5 ноября в "Ле Клубе" прошел интересный двойной концерт, в обоих отделениях которого квартет арт-директора клуба, саксофониста
Игоря Бутмана, выступил в неожиданном качестве "репертуарного ансамбля". Это означало, что и в первом, и во втором отделении ансамбль не играл произведений, входящих в его обычный репертуар, зато играл музыку приглашенных солистов - или, точнее сказать, приглашенных звезд, поскольку в отечественном джазе оба этих приглашенных музыканта имеют вполне звездный статус.
В первом отделении ансамбль играл программу, подготовленную басистом
Алексом Ростоцким, который не так уж и часто появляется на сцене вне своего "Джаз-бас театра", отчего отделение это обретало особый интерес. Соответственно, на сцене не было штатного басиста квартета Бутмана, и ансамбль, кроме Ростоцкого и Бутмана, включал пианиста Антона Баронина и барабанщика
Эдуарда Зизака - плюс приглашенный Ростоцким солист - трубач Владимир Галактионов (кстати, постоянно работающий в оркестре Игоря Бутмана).
Отделение открыла пьеса Ростоцкого "New Calypso", посвященная, как выяснилось по ее окончании, памяти одного из героев Алекса (по его признанию, несостоявшегося подводника) - Жака-Ива Кусто. Здесь действительно были намеки на калипсо - не "Калипсо", название судна Кусто, а
калипсо - латиноамериканский ритм, была запоминающаяся тема, построенная на повторяющихся мотивах, исполняемых в унисон.
Солисты разогревались буквально на глазах, так что, если на красивом мелодическом соло Антона Баронина публика еще слушала молча, то бурное саксофонное соло уже вызвало крики "браво". Большой успех имело и соло трубача Галактионова во второй композиции - хлестком фанковом блюзе, посвященном памяти Джако Пасториуса: Владимир использовал в нем как чистый звук трубы, богато насыщая свою импровизацию блюзовой идиоматикой, так и звук, пропущенный через звуковой процессор.
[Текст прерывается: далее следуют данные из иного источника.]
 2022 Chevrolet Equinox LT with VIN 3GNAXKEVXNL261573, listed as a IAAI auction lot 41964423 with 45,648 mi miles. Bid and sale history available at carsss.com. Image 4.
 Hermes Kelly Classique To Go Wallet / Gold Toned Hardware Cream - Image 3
В первом отделении состав варьировался. Для исполнения темы Ростоцкого "13 мая", написанной в ритмике джаз-вальса, на сцене остался только квартет без саксофона (и, кстати, здесь прозвучало красивое прозрачное вступление клавишных в тембре, напоминающем вибрафон с эффектом "хорус" и еще какими-то пространственными синтетическими добавками). А "Непростые решения", этакая мягкая босс-нова, потребовали и вовсе минимальных звуковых средств - Антон Баронин из-за синтезатора пересел за акустический рояль, за сцену удалился уже и трубач, и оставшееся трио создало комфортную ткань для запоминающегося соло Ростоцкого. Затем весь состав вновь оказался на сцене, чтобы исполнить редкую тему Хораса Силвера "The Gods of Yoruba" с альбома 1977 г. "Silver'n Percussion", редко исполняемую на Западе, но почему-то получившую бурную жизнь в России - например, не так давно ее с ансамблем "Маримба Плюс" записывал валторнист
Аркадий Щилклопер, правда - совершенно не в такой аранжировке, какая прозвучала в "Ле Клубе" у Ростоцкого и ансамбля Бутмана. Медитативная, упрямая тема на очень коротких попевках по две ноты каждая получила развитие в соло сначала трубача (оно очень медленно набирало динамику от крайне сдержанной до весьма плотной фактуры), затем - саксофониста. Это соло было поначалу похоже на речь сомневающегося человека, причем вопросительные интонации сохранились и дальше, хотя темп и возрос - и только к финалу, как и у трубача, саксофон показал впечатляющие технические высоты...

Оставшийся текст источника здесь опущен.